The initiative challenges students to tap into their creativity totransform routine activities into something extraordinary.
“Technical skills…like carpentry, plumbing, electrical installation, visual arts, and other trades are taught in our high schools. But what if these skills could be transformed into something greater? What if they could be used, not only to function, but to create, innovate, and inspire?” Graham asks.
“It’s not just painting but creating a living masterpiece. It’s not just connecting pipes, but designing a functional mini fountain. It’s not just wiring electricity but inventing a unique light source. It’s not just building but engineering something original,” she points out. Graham sees the project as an opportunity to challenge negative social trends such as the popularisation of the ‘dunce and boasy’ culture, by promoting positive values and reshaping the mindset of young people.

“So, I’m trying to change our young people’s mindsets and change their attitudes and encourage them to tap into their abilities to recreate their community, recreate themselves and in extension recreate Jamaica,” she says. The process began on February 25 and will culminate in a public formal auction on April 26.
At that event, students will present their creative pieces and share the stories behind them, while members of the public will bid on the works. Importantly, each participating school will receive donated resources after the event to support selected technical departments.
Graham hopes that the initiative will extend beyond her tenure as queen. “I want it to be an ongoing thing, something that I can look at as a legacy, something that even if I pass away, someone can carry on,” she says, noting her desire for the programme to be adopted islandwide and “hopefully the Caribbean”.

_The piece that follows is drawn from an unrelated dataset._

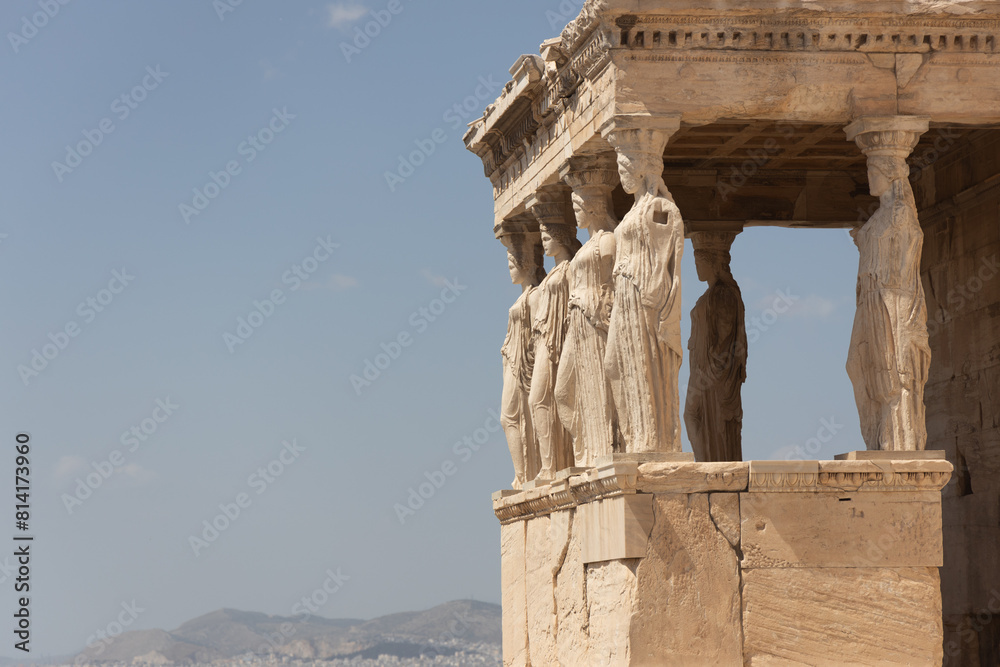Obraz premium Temple of Hera ruins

Graham tells JIS News that her drive to contribute to the development of the youth of St Mary “comes from my passion and my love for my country, my passion and my love for my parish, and my passion and love for young people”.
“I love when young people try something for themselves,” she adds. Having worked since she was 15 years old, Graham believes that a strong work ethic and positive mindset are critical to national development. “I believe that if more young persons had this frame of mind, this mindset, then our country would be a lot better,” she says. “So, I just want to [contribute] to developing our nation, starting with this project.” Now, well into her reign, Graham says that the experience has surpassed her expectations.
“Being a queen is a responsibility that I never knew that I could have, and it has been everything and more. It has led me to do things that I could have only dreamt about,” she says. “I never thought that I would be in front of students, being a guest speaker, being there to motivate other people,” she notes.
The graduate of St Mary High School, who has a bachelor’s degree in media and communication from Northern Caribbean University in Mandeville, is focused on a career in broadcasting. She aspires to become a television and podcast host.